Damkarnews.com, PALANGKA RAYA – Setelah sempat dinyatakan hilang akibat terseret arus Sungai Kahayan, Muhammad Kaspi Rosyadi (12), warga Kampung Baru Campedak, akhirnya ditemukan oleh Tim SAR Gabungan pada hari kedua pencarian, Senin (10/8/2026).

Namun, pencarian yang sejak pagi dilakukan dengan penuh harapan tersebut berakhir duka. Korban ditemukan dalam kondisi meninggal dunia sekitar 20 meter dari lokasi awal kejadian.

Sebelumnya, korban dilaporkan tenggelam pada Minggu (9/8/2026) sekitar pukul 11.00 WIB. Saat itu, korban diketahui sedang berenang bersama sejumlah temannya di Sungai Kahayan. Diduga terseret arus, korban kemudian tenggelam dan tidak kembali ke permukaan.

Memasuki hari kedua operasi, Tim SAR Gabungan kembali melakukan pencarian sejak pagi. Penyisiran permukaan sungai hingga penyelaman dilakukan di sekitar lokasi kejadian untuk menemukan keberadaan korban.

Upaya tersebut akhirnya membuahkan hasil. Sekitar pukul 11.20 WIB, korban berhasil ditemukan dalam kondisi meninggal dunia.

Korban kemudian dievakuasi ke RS Bhayangkara Palangka Raya untuk mendapatkan penanganan lebih lanjut sebelum diserahkan kepada pihak keluarga.

Dengan ditemukannya korban, operasi pencarian dan pertolongan secara resmi dinyatakan selesai. Seluruh unsur SAR yang terlibat selanjutnya dikembalikan ke kesatuannya masing-masing.

Kepala Kantor Pencarian dan Pertolongan Palangka Raya, AA Ketut Alit Supartana, menyampaikan belasungkawa mendalam kepada keluarga korban.

“Operasi SAR telah kami laksanakan secara maksimal bersama seluruh unsur yang terlibat. Korban berhasil ditemukan pada hari kedua pencarian dalam kondisi meninggal dunia. Kami turut berduka cita yang sedalam-dalamnya kepada keluarga korban,” ungkap Alit.

Ia juga mengingatkan masyarakat agar meningkatkan kewaspadaan ketika beraktivitas di wilayah perairan, terutama sungai yang memiliki arus cukup deras.

“Keselamatan harus menjadi prioritas utama. Kami mengingatkan masyarakat untuk selalu waspada dan memperhatikan faktor keselamatan saat beraktivitas di sungai,” tambahnya.

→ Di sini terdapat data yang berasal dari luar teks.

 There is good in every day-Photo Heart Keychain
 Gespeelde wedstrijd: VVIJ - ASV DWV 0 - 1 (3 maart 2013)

Operasi SAR tersebut melibatkan sejumlah unsur, di antaranya Kantor Pencarian dan Pertolongan Palangka Raya, Polairud Polda Kalteng, Sabhara Polda Kalteng, Polresta Palangka Raya, BPBD, Dinas Perhubungan, relawan gabungan, serta masyarakat setempat.

Peristiwa ini kembali menjadi pengingat bahwa aktivitas berenang di sungai, terutama di tengah arus yang tidak menentu, memiliki risiko besar. Kewaspadaan dan pengawasan menjadi hal penting untuk mencegah kejadian serupa kembali terjadi.